§ Work task
Would you reproduce exactly, and only, the lines starting at the one with "BOBCAT E45 MINI EXCAVATOR" and ending at the last line of the data, with both included? Leave the pictures out.

§ Dataset content
......

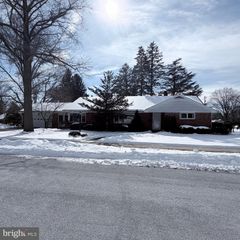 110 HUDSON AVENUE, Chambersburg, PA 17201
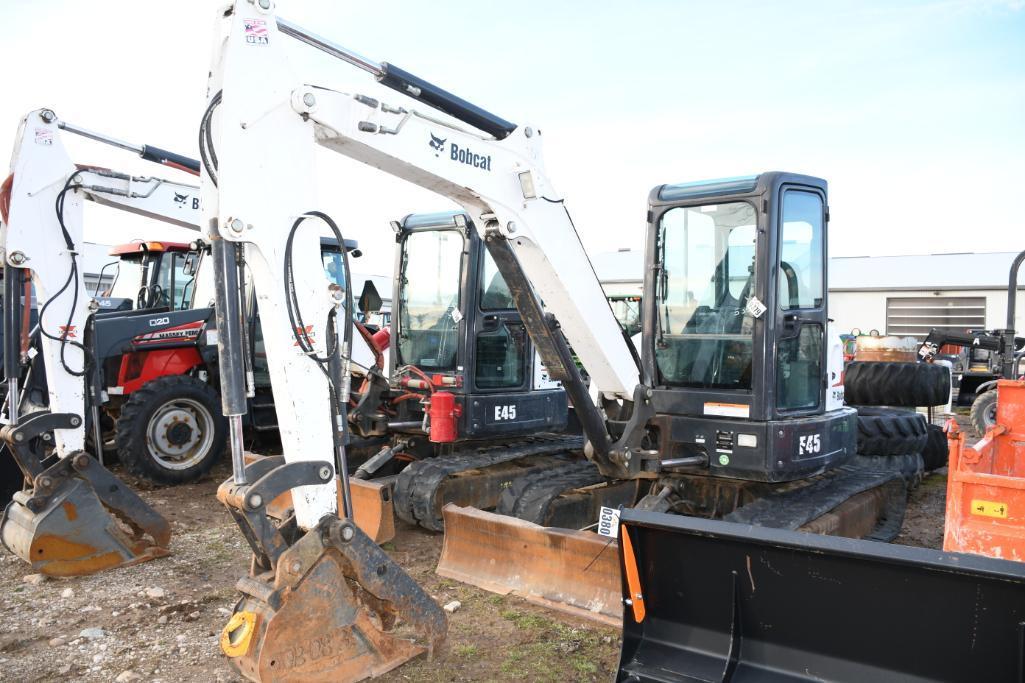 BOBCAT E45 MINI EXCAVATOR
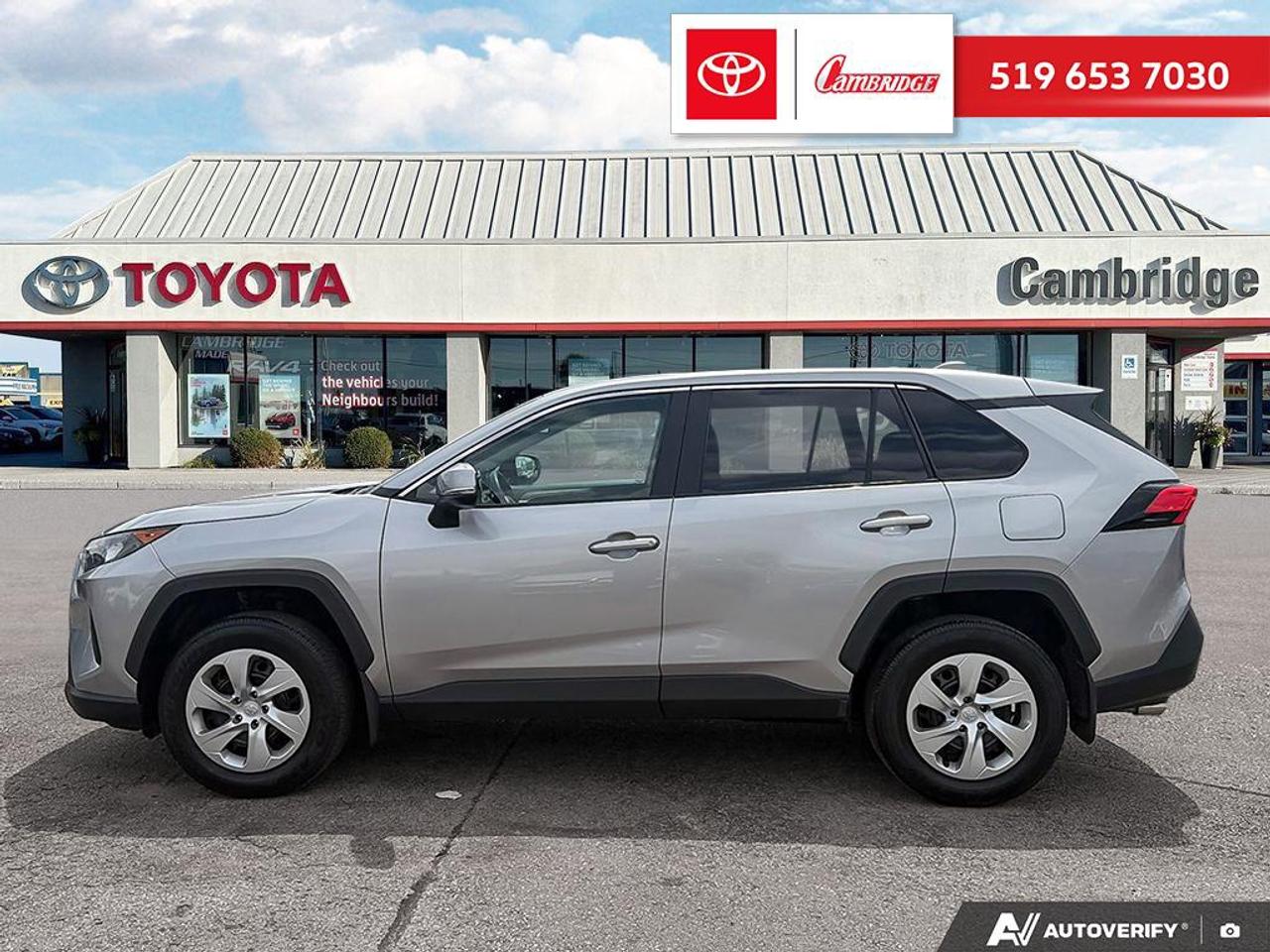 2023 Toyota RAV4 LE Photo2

......

§ Exercise output
 BOBCAT E45 MINI EXCAVATOR
 2023 Toyota RAV4 LE Photo2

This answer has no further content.